Plan 9 Plans
At the moment, I have about a dozen vague ideas for my next spare-time creative project, and I’m stumbling from one to another until one strikes my fancy. One of these ideas is to, as a writing experiment, remake Plan 9 From Outer Space into something that doesn’t suck.
After all, at its core, the movie is about aliens who try to conquer the Earth by raising an army of zombies — you’d think that could be a seed for a decent action-horror flick. Besides, Hollywood always remakes the movies that were good to begin with. Why not take a crack at an awful one?
The finished script would go directly into a drawer upon completion, since the original is not public domain, but at least I would see if I could do it.
First of all, I was wildly wrong on that last count. Plan 9 apparently went into the public domain some time last year and I had no idea.
And of course, since it’s in the public domain, someone staked out an early claim and announced a remake, to be released on 9/9/2009.
At this point, I’m used to having a great idea, being too lazy to follow up on it, then seeing someone else do it — usually better than I ever could. I’m not sure that applies in this case, though. As Screenrant points out, the production company’s track record includes nothing but z-grade horror flicks, none with a budget higher than $8,000. Isn’t the idea here to make a GOOD version of Plan 9? Ed Wood already made the shitty version, and he did it in the most magically shitty possible way.

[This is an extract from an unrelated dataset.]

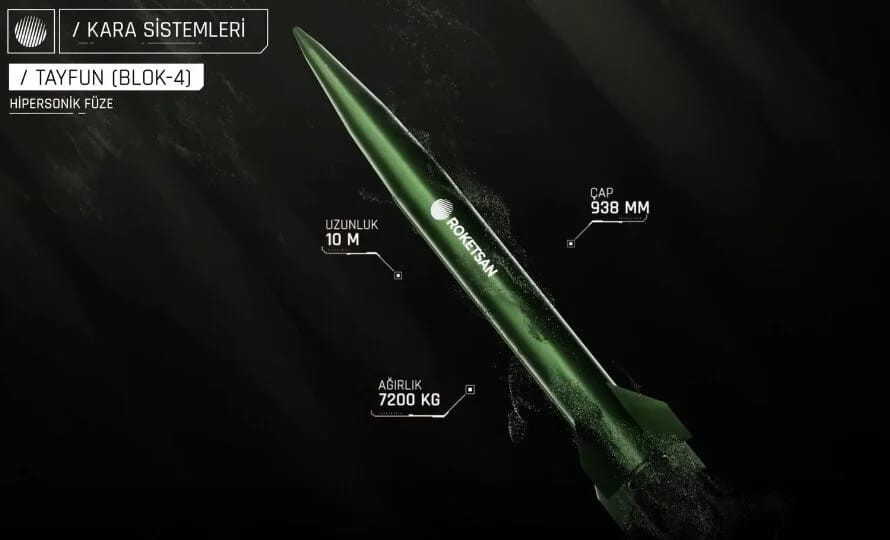 Türkiyənin ən uzaqmənzilli ballistik raketi təqdim olunub<font color=red> - FOTOLAR</font>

Io9′s post and comment thread on the topic is mostly filled with jackassery, but one commenter makes a good point I never realized, but probably should have:
Someone has already remade Plan 9 From Outer Space, and made it into a character-driven horror movie about people terrorized by the dead, reanimated by outer space phenomenon.
It was called Night of the Living Dead…
Huh. Zombies rising from the grave. Vague rumors of an alien origin of the plague. A house near a graveyard where most of the action takes place. It’s not that much of a stretch. Who knew that Plan 9 + talent = Night of the Living Dead?
The irony is, thanks to muddled business dealings, Romero’s film went into the public domain almost immediately, while Wood’s film was protected for 50 years. I wonder how many remakes, sequels, and spinoffs we can expect… and whether a major studio would take a shot at a big budget version or every last one will be shot on digicams in backyards for spare change.